- **WHAT IS NEEDED**:
Drop the images. Copy every line below character for character.

- **PROVIDED DATA**:
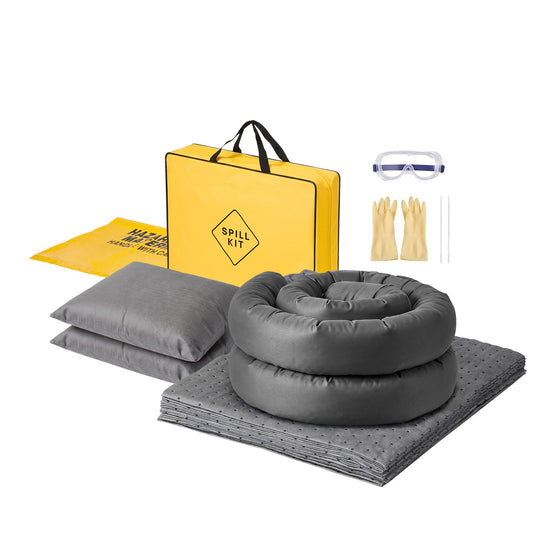 VEVOR Complete Spill Absorbent Kit for Oil & Water, 20PCS Medium-Duty Spill Absorbent Pads, 2 Socks, 2 Pillows, 2 Hazardous Material Bags, 1 Carrying Bag for Garage Workshop Spill Control & Cleanup - FYCKZQJYPTYXSQ2JT001V0 - view 1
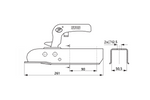 STEELPRESS ZSK-1300H kogelkoppeling voor een aanhanger van 1300 kg met een vierkante dissel van 50 mm.
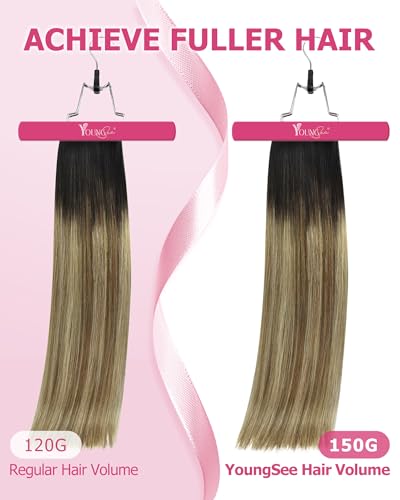 Image of YoungSee 135g Clip in Human Hair Extensions Balayage Remy Clip in Hair Extensions Dark Brown Ombre Medium Brown with Blonde Can Be Heat-styled Real Hair Extension Clip ins Human Hair 18 Inch 7pcs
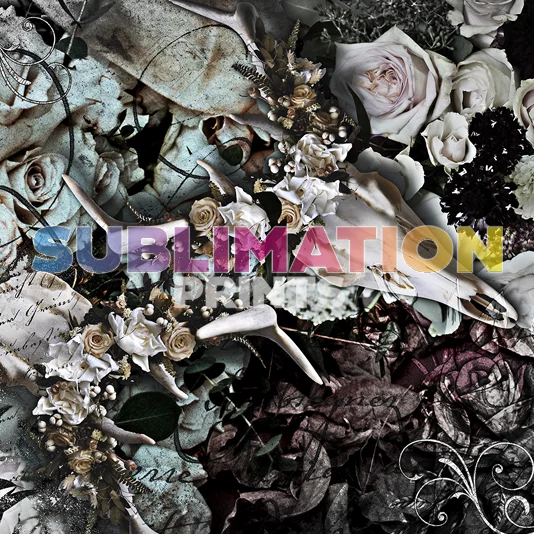 Decoupage Print – Floral Skulls Purple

- **ANSWER BOX**:
 VEVOR Complete Spill Absorbent Kit for Oil & Water, 20PCS Medium-Duty Spill Absorbent Pads, 2 Socks, 2 Pillows, 2 Hazardous Material Bags, 1 Carrying Bag for Garage Workshop Spill Control & Cleanup - FYCKZQJYPTYXSQ2JT001V0 - view 1
 STEELPRESS ZSK-1300H kogelkoppeling voor een aanhanger van 1300 kg met een vierkante dissel van 50 mm.
 Image of YoungSee 135g Clip in Human Hair Extensions Balayage Remy Clip in Hair Extensions Dark Brown Ombre Medium Brown with Blonde Can Be Heat-styled Real Hair Extension Clip ins Human Hair 18 Inch 7pcs
 Decoupage Print – Floral Skulls Purple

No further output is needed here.